Insurance for an ‘Uber’ world

In November of 2014, the San Francisco Chronicle published quotes from leaked Geico internal documents encouraging insurance agents to refer policy holders who drove for Uber or Lyft to the fraud department. A script for agents directed them to explain to drivers that their personal policies didn’t cover commercial driving and to look elsewhere for policies that did.

The article quoted a ride service driver who had been asked by Geico when his policy was up for renewal to fill out a form asking whether he worked for any on-demand ride providers. His response: “I didn’t sign it because I didn’t want to lie. Instead I signed up with another company.”

That shows how, in the nascent but booming sector, serving drivers for Uber, Lyft et al. – transportation network companies or TNCs – could be a competitive advantage for insurance companies, with a potential for tens of thousands to millions of new customers or new endorsements to existing policies.

Geico thinks so. Just three months after the document leak, on February 4, 2015, Geico announced a rideshare policy that would replace a driver’s personal policy with a hybrid one covering both personal and paid-fare driving. It was first available in Virginia and has since extended to several other states on its way to becoming a national product.

UBI provider Metromile and Uber formed a partnership in January that integrated Metromile’s dongle-based insurance product with the Uber platform, so that drivers can easily subtract the miles when they’re covered by Uber’s insurance from total miles driven and then pay Metromile for the difference.
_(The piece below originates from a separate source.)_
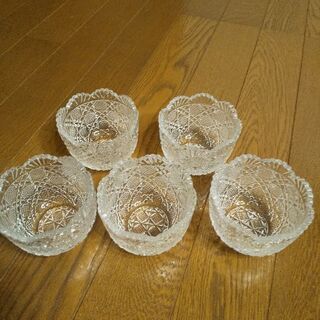 ガラスの小鉢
The product is only available in three states so far.

To date, Metromile is the only insurer that has integrated with Uber’s app, giving it a potential edge in getting new business from the market-dominant TNC, which accounted for 45% of all business car rides in Q1 2015, according to Certify.

However, three quarters of all TNC drivers work for both Uber and Lyft, according to SherpaShare, a platform that helps drivers track mileage, expenses and earnings. Metromile refused an interview but as drivers begin to shuffle among TNCs and delivery services such as DoorDash, it’s hard to see how the partnership would provide competitive advantage in a marketplace where there are several insurance options for drivers.

By now, according to the online blog, The Rideshare Guy, 14 states have approved insurance products to cover drivers for transportation network companies and more and more insurers are getting into the game. And that levels the field again.

With more options for drivers for what are more correctly known as transportation network companies, the decision on which insurer to choose “will be similar to why you choose an insurance carrier in general,” says Mariel Devesa, leader of product innovation for Farmers Insurance. It began offering its Rideshare Coverage endorsement in Colorado on February 16.

New models for a new economy

Insurance regulators demanded that TNCs provide insurance coverage for their drivers but the devil is in the details.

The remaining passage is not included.